• Exercise aim:
From the line that contains "https://imna.ir/xbhvG" to the final line below, both included, print each line exactly and skip the pictures.

Collection entries
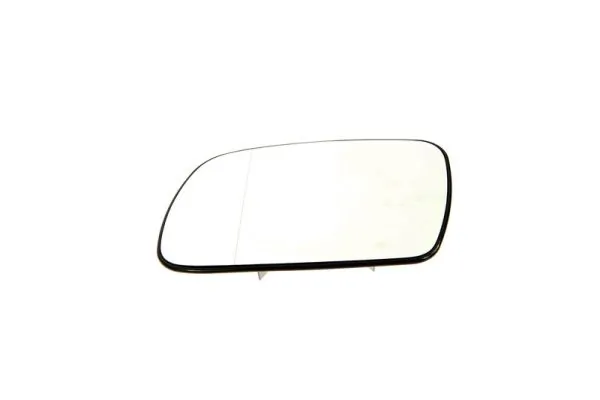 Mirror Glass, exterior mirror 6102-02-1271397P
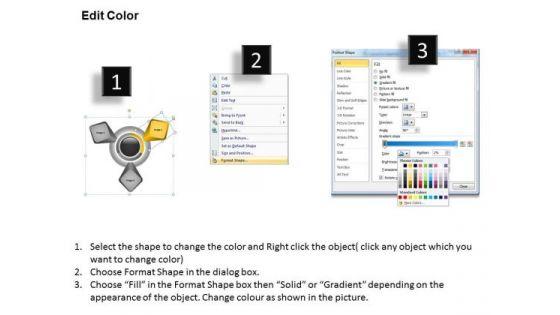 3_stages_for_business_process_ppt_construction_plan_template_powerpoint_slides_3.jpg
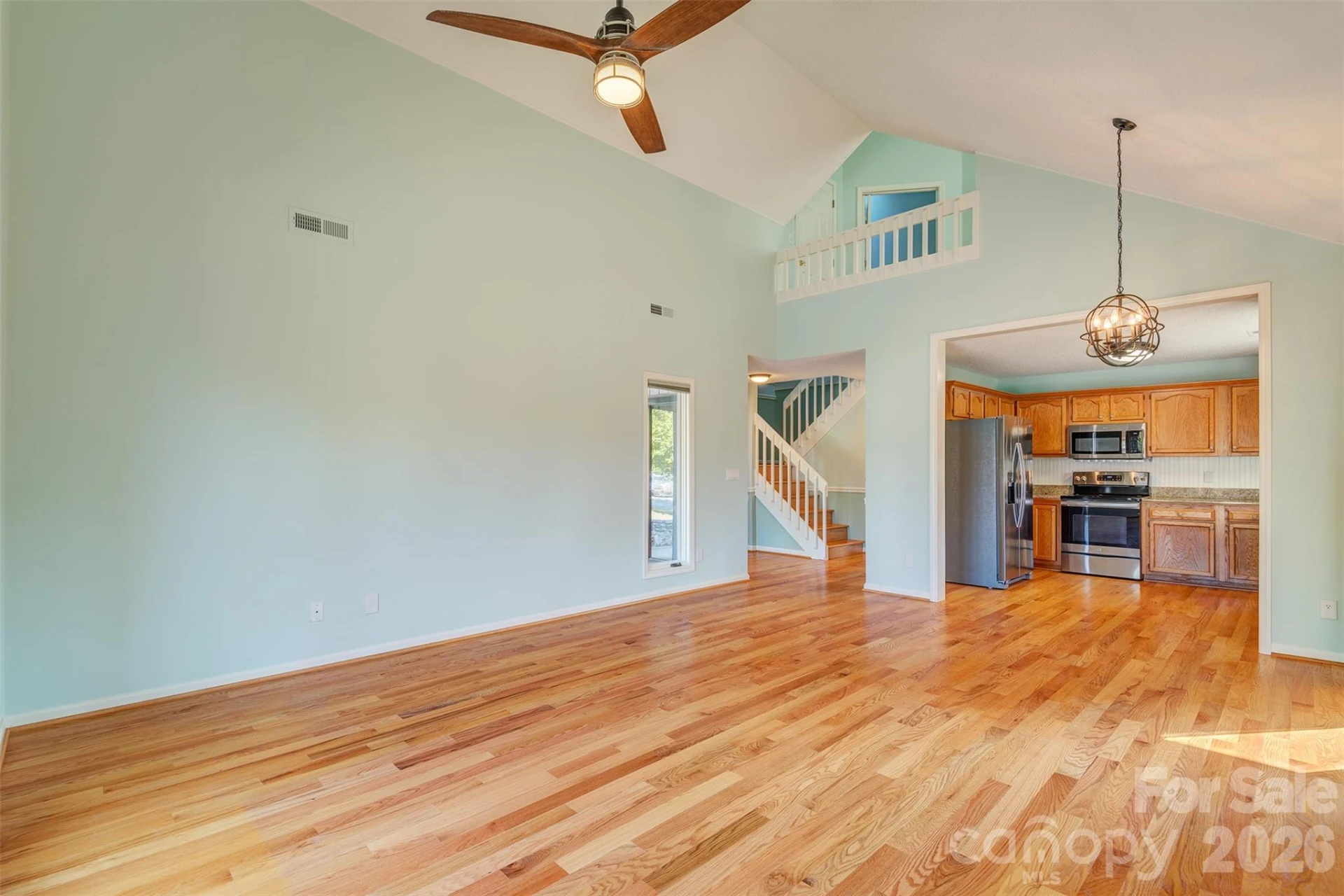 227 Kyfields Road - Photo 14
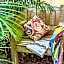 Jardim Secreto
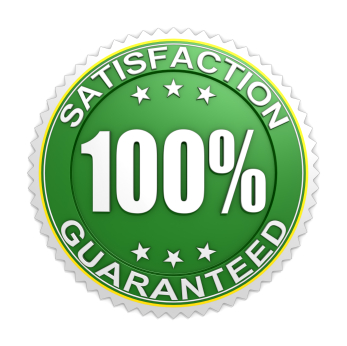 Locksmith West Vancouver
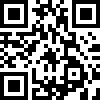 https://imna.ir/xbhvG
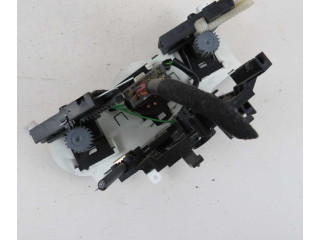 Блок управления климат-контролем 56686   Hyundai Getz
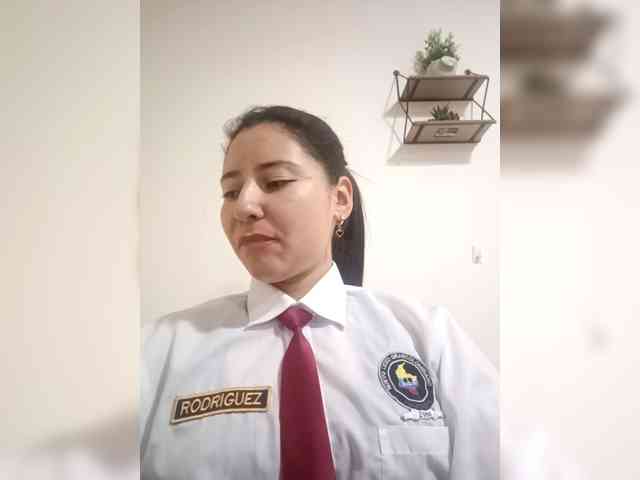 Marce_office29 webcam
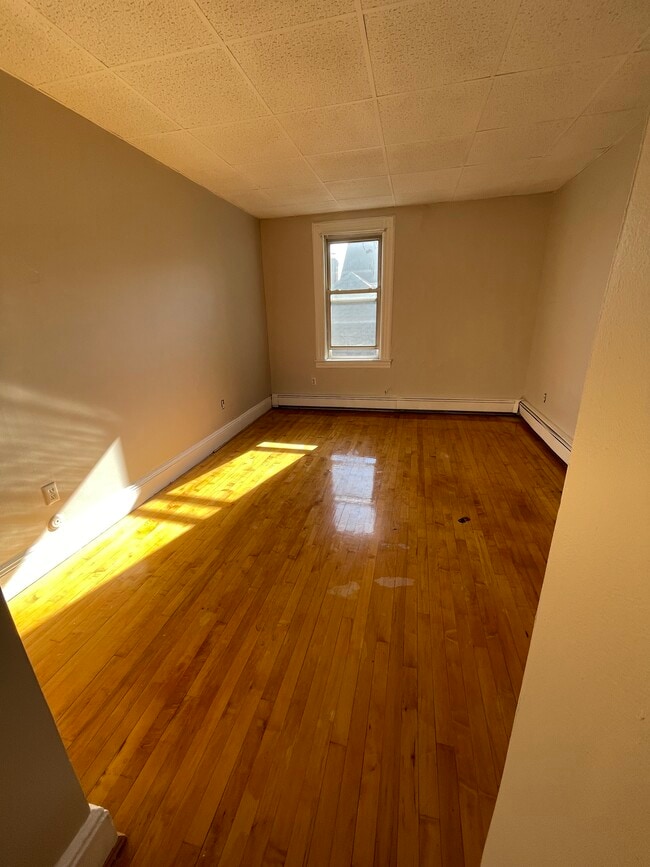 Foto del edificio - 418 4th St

• Solution:
 https://imna.ir/xbhvG
 Блок управления климат-контролем 56686   Hyundai Getz
 Marce_office29 webcam
 Foto del edificio - 418 4th St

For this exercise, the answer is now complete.